Source: www.Bloomberg.com June 2018
Earlier this month, the Federal Reserve Bank of New York released their most recent United States recession probability chart. We have referenced this chart several times over the past year and highlight that the risk of a recession beginning within the next 12 months, or by May 2019, sits at 11.1182%. This is a decrease from last month’s probability of 11.2105%. We are currently experiencing one of the longest, and soon to be longest, economic expansions in U.S. history. We believe a recession will occur at some point, but the next 12 months appear to be positive for the U.S. economy.
Last week also opened with heightened trade tensions between the United States and its allies.
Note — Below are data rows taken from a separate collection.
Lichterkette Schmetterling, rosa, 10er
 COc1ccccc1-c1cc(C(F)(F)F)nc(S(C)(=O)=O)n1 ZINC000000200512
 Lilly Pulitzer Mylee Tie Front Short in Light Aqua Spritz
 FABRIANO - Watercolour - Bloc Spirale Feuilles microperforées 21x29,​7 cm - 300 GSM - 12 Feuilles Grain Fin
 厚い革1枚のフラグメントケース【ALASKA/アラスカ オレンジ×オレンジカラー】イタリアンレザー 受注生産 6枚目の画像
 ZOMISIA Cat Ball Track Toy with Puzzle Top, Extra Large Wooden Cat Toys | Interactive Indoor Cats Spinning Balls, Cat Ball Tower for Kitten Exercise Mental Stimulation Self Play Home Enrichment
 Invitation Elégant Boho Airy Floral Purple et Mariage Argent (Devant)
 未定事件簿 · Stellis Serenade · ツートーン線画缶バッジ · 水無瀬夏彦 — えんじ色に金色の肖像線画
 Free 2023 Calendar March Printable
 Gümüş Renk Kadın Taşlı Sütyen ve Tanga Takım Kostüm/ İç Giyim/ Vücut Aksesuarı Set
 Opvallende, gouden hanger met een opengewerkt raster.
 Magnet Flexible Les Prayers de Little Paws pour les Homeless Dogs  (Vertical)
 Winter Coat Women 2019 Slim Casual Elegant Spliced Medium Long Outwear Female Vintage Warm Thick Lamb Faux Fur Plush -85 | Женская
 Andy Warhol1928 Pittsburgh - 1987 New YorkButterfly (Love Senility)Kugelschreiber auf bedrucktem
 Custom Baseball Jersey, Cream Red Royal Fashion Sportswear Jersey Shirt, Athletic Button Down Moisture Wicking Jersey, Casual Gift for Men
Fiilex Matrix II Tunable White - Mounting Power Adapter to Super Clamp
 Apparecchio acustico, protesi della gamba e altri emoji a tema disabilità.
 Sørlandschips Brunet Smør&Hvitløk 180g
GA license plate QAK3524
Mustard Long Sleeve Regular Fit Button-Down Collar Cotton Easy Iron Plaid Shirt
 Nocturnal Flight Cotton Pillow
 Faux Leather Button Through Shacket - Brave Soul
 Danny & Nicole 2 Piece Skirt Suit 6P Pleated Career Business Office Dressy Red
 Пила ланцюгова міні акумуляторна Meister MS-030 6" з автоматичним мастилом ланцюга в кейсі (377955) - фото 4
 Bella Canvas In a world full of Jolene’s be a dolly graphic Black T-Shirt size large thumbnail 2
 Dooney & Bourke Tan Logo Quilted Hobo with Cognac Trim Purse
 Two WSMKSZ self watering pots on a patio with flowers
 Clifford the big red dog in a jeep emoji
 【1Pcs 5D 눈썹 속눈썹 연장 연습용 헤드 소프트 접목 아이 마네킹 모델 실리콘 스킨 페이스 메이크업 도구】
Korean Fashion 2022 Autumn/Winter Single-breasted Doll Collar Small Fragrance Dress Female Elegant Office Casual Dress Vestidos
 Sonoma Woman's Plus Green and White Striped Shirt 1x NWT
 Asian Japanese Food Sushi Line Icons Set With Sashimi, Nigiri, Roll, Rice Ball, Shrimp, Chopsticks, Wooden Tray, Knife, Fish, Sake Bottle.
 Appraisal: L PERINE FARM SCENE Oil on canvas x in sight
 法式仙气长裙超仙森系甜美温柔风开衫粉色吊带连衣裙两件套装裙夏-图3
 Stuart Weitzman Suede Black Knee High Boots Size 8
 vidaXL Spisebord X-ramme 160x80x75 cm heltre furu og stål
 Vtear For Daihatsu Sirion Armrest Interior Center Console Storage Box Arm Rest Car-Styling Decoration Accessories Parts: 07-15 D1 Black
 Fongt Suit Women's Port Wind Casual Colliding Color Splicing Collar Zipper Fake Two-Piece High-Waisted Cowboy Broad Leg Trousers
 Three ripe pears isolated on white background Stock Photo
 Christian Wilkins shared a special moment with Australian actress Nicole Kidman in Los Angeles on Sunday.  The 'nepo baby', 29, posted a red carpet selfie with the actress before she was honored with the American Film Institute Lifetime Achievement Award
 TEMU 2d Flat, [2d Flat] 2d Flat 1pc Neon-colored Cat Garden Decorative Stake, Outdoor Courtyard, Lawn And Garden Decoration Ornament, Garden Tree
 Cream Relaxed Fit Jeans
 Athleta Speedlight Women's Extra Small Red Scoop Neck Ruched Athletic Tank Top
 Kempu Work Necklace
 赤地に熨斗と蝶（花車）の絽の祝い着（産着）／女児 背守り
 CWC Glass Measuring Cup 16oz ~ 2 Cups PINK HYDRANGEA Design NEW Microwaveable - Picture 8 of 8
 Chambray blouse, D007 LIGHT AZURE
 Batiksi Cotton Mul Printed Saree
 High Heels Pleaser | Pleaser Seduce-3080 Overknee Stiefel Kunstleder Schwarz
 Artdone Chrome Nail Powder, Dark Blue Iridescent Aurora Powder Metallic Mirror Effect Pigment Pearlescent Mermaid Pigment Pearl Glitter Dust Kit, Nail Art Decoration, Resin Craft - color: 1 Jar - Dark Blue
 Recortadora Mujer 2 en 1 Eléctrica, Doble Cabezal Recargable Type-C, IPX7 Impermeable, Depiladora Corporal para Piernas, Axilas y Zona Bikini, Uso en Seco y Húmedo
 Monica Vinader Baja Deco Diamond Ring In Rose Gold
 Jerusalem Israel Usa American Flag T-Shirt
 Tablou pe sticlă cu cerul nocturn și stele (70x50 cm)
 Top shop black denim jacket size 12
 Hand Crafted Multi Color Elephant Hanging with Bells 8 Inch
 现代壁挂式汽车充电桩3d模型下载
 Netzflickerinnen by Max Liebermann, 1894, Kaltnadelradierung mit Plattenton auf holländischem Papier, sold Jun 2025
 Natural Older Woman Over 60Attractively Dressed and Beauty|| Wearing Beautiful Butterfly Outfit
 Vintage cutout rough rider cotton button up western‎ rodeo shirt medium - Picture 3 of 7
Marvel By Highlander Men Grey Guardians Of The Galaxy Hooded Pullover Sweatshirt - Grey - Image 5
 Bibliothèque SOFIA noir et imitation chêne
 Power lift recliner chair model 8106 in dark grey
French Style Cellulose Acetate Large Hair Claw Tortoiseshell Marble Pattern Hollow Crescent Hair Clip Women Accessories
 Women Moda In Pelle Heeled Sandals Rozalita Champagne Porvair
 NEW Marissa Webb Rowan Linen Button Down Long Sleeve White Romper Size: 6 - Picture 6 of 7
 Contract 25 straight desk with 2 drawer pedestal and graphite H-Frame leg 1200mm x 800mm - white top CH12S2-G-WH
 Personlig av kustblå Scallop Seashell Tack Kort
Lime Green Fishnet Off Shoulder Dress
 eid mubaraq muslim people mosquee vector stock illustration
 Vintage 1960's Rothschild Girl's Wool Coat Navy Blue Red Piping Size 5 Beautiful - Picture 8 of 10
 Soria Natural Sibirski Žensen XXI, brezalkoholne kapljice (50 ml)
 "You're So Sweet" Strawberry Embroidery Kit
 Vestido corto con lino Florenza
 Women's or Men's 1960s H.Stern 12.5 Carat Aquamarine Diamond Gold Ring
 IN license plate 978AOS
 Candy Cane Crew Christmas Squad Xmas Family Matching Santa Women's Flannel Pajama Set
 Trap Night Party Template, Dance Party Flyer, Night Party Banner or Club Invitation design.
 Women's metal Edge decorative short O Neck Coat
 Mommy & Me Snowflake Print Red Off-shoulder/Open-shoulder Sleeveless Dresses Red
It closed with the United States imposing new tariffs on $50 billion of Chinese goods. The Chinese declared it was the start of a trade war, reported Financial Times.
U.S. markets largely ignored the potential impact of trade wars on multiple fronts. Barron’s reported the Dow Jones Industrial Average, which includes companies that are vulnerable to tariffs, moved slightly lower. However, the Standard & Poor’s 500 Index shrugged off the possibility of trade wars, and the NASDAQ Composite gained more than 1 percent.
While Barron’s has written the largest risk to the U.S. stock market is the possibility of global trade wars, it appears many investors believe tariffs are a negotiating tactic. Barron’s reported:
“The market’s apparent indifference suggests it doesn’t see these tariffs as the reincarnation of Smoot-Hawley, but just the latest in President Trump’s negotiating tactics. Moving away from his denunciation of Kim Jong-un as “Little Rocket Man” inviting “fire and fury” by missile launches, Trump last week declared the threat from North Korea neutralized. Similarly, many professional investors view the bluster on tariffs as part of Trump’s negotiating tactics, rather than the start of an actual trade war.”
News that monetary policy is becoming less accommodating in certain regions of the world didn’t have much impact on markets either. Reuters reported the Federal Reserve raised its benchmark rate 0.25 percent last week. The European Central Bank is ending its bond-buying program and gave notice it expects to begin raising rates next summer. The Bank of Japan is still easing.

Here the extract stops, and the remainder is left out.